Scenario 3 — Code Review Assistant for Engineering Teams
Requirements: Review PRs for bugs, security issues, and style violations; suggest improvements; explain changes in plain English.
Architecture decisions:
- Input: GitHub webhook → diff extraction → retrieve surrounding context via code embedding search
- Parallel agents: security checker + logic reviewer + style linter run in parallel (LangGraph parallel subgraph), synthesis agent aggregates results
- Code embedding DB: all internal code indexed with code-specific embeddings (code-search-ada-002) — enables “show me similar functions in the codebase”
- Agent tools:
run_tests(trigger CI),search_codebase,lookup_docs,check_cve(security vulnerability database) - Models: fine-tuned CodeLlama-34B on internal codebase for code understanding; GPT-4o for explanation generation
- Hard rule: never auto-merge — the agent only adds PR comments; a human must approve. All suggestions logged for audit.
Final Preparation
Research Checklist — Tredence
- Founded 2013, focused on last-mile analytics for large enterprises
- Key verticals: CPG, retail, manufacturing, healthcare, financial services
- Known for: AI-powered decision intelligence, supply chain analytics, customer analytics platforms
- Flagship products: SCOUT (supply chain intelligence), PRISM (pricing analytics)
- Review recent case studies and blog posts at tredence.com before the interview
- Understand their delivery model: heavily client-embedded, consulting + product hybrid
Questions to Ask the Interviewer
These show preparation and genuine curiosity — both matter:
- “What does the typical project lifecycle look like for the GenAI team? From stakeholder request to deployment?”
- “What LLM infrastructure do your enterprise clients typically run on — Azure, AWS, or GCP?”
- “What are the biggest challenges the team is solving in LLMOps right now?”
- “How does the team balance building reusable frameworks vs custom client solutions?”

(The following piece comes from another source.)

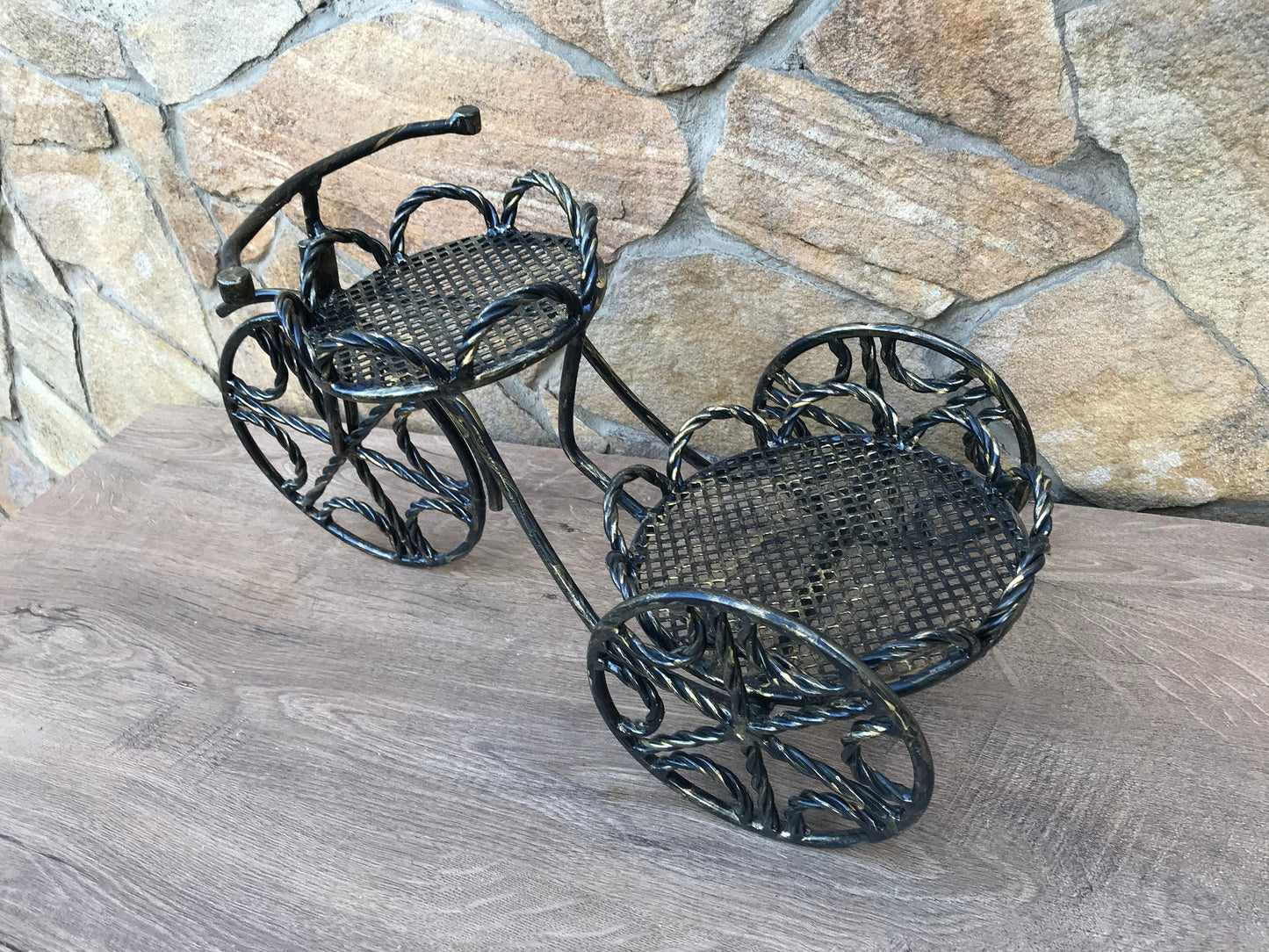 Hand forged plant stand, outdoor gardening, planters & pots, outdoor planters, indoor planters, plant stand, iron gift for her, flower pot
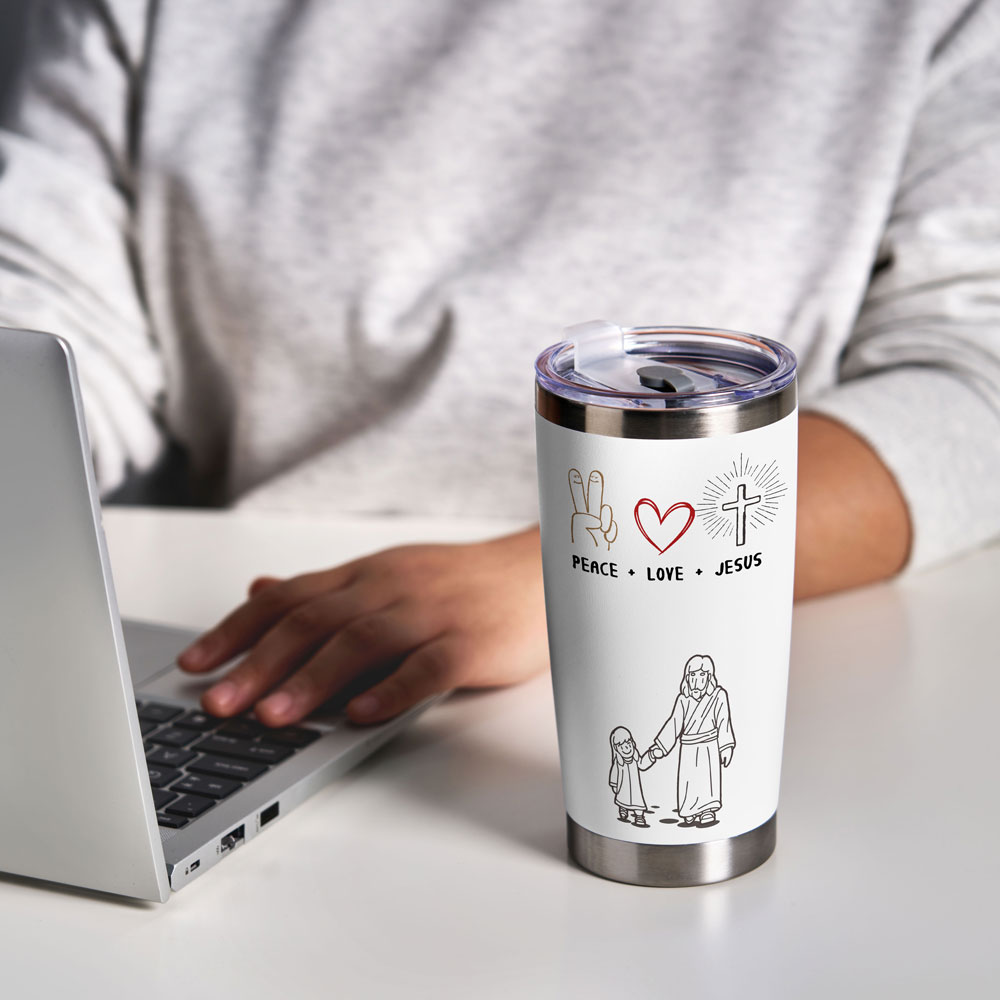 Peace Love Jesus Christian 20OZ Tumbler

- “What does the first 90 days look like for someone in this role?”
Day-of Mindset
Summary (Interview execution checklist)
If you don’t know something: say “My understanding is X — let me think through this carefully.” Never fake it. Interviewers can always tell, and intellectual honesty is valued far more than a wrong confident answer.
On tools you haven’t used: “I haven’t used X specifically, but I’ve used Y which solves the same problem — I’d apply the same principles.”
For coding questions: think aloud before typing. Say what you’re building and why. The interviewer wants to see your thought process, not just the solution.
Connect every technical answer to business impact. “This improves precision, which reduces manual review cost by X%.”
STAR for behavioural questions: Situation → Task → Action → Result (always quantified).
Show genuine curiosity: ask clarifying questions before solving (what’s the scale? what’s the latency budget? what’s the failure mode?).